Es Jesús el Sacerdote santo, único que puede santificar realmente a todos nosotros, pues por amor ha querido salvarnos ofreciendo su propia sangre (cfr. Hb 25, 26).
Bien sabemos que Jesús fue enviado al mundo por el Padre, para la salvación de todos (cfr. Jn 3, 16) y Jesucristo como ha sido enviado, así ha enviado a sus apóstoles para que puedan prolongar en la historia, su acción salvífica. Él mismo se lo proclamó, con toda claridad, la noche de Pascua, cuando ya victorioso sobre el pecado y la muerte, les dijo: “como el Padre me envió, también yo los envío” (Jn 20, 21) y para que pudieran realizar su cometido, les participa su poder particularmente en relación con dos sacramentos (obviamente, sin excluir los otros), el de la Eucaristía y el sacramento de la Reconciliación (Confesión). Recordamos sus palabras. Una vez que realizó el milagro de cambiar el pan en su Cuerpo y el vino en su Sangre, les dice a sus Apóstoles: “Hagan esto en conmemoración mía” (Lc 22, 28). Y sobre el poder de perdonar los pecados a cuantos se arrepientan, en la noche de Pascua se les apareció a los mismos (ya no estaba con ellos Judas), después de desearles dos veces el “Shalom” (paz), “sopló” sobre ellos y les dijo: “reciban al Espíritu Santo; quedan perdonados los pecados a quienes los perdonen; quedan retenidos a quienes se los retengan” (Jn 20, 22-23).

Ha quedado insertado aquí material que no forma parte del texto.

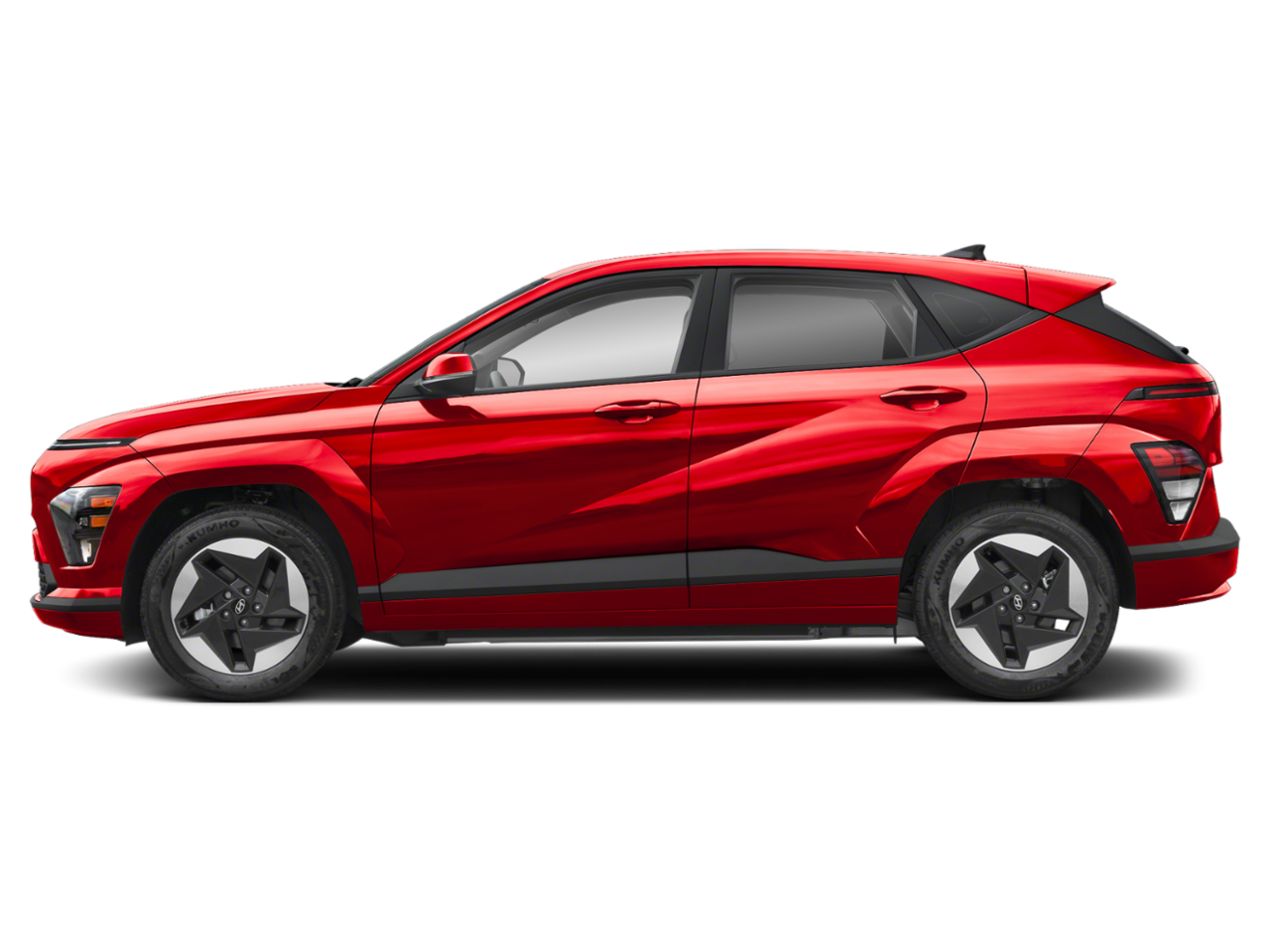 KONA Electric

Los Apóstoles, a su vez, participaron su misión a otros que ellos mismos escogieron (cfr. Hch 1, 15-25; 6, 2-6; etc.) transmitiéndoles los mismos poderes que Cristo les había otorgado. Baste esta referencia. Le escribe san Pablo a Timoteo: “no descuides los dones que tienes y que Dios te concedió cuando, por inspiración profética, los presbíteros de la Iglesia te impusieron las manos “(1Tim 4, 14).

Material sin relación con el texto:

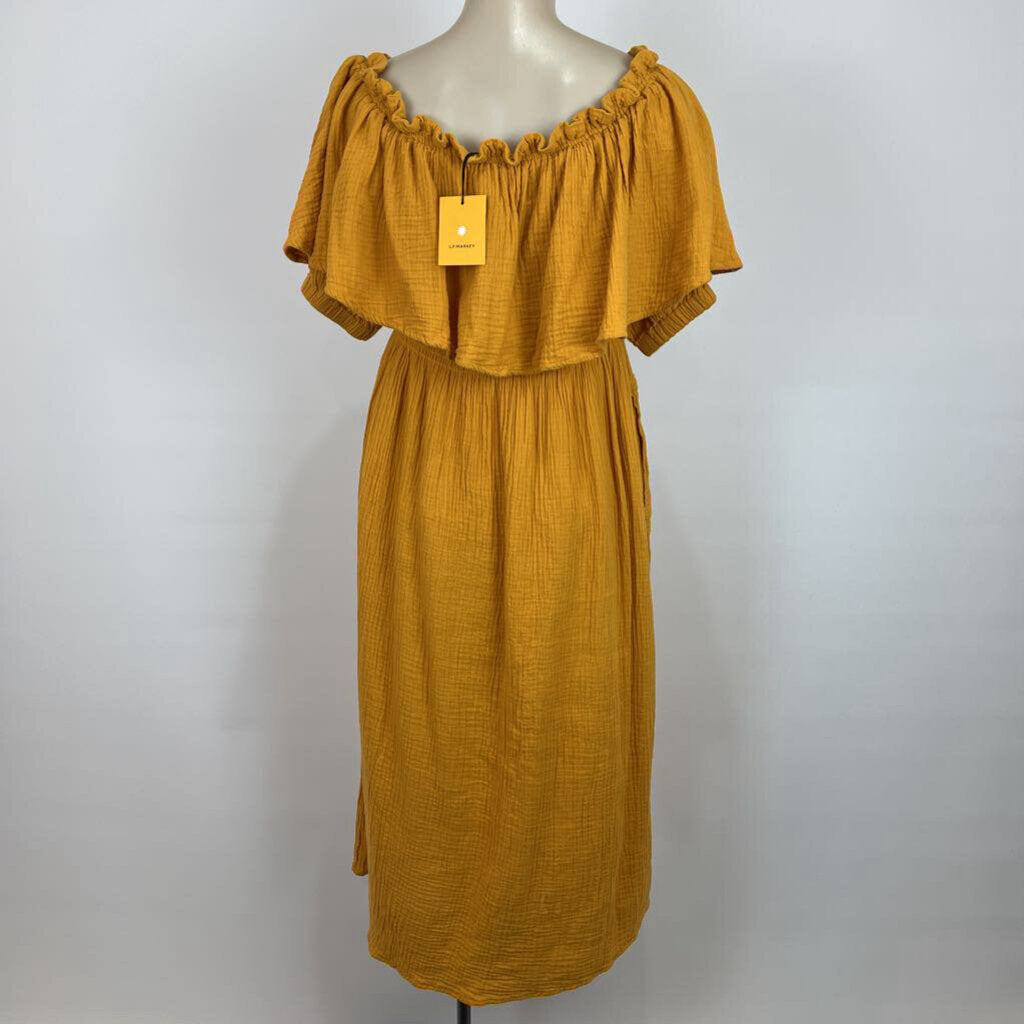 L.F.Markey Dress - 6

Se trata de una evidente referencia al Sacramento del Orden, que es conferido con la imposición de manos, hecha según la práctica de los Apóstoles, para transmitir el ministerio sacerdotal de Cristo.
Desde entonces, la Iglesia de Cristo, fue constituyéndose en torno a los sacerdotes que celebran la Eucaristía y que, en nombre de Cristo y “en su persona”, ofrecen el perdón de los pecados con la celebración del sacramento de la Penitencia. Para tales celebraciones, es claro que no es suficiente haber sido bautizado, sino, que se necesita una nueva celebración sacramental, cuyo corazón es la imposición de manos acompañada por la oración de aquel que preside (Sacramento del Orden).
Estimado Armando, es obvio que es mucho más lo que podríamos comentar, guiados por la Palabra de Dios, acerca de la voluntad de Cristo para dotar a su Iglesia, de su propio sacerdocio en los tres grados del Episcopado, Presbiterado y Diaconado, pero confío que para su pregunta sea suficiente y claro, lo que aquí hemos recordado.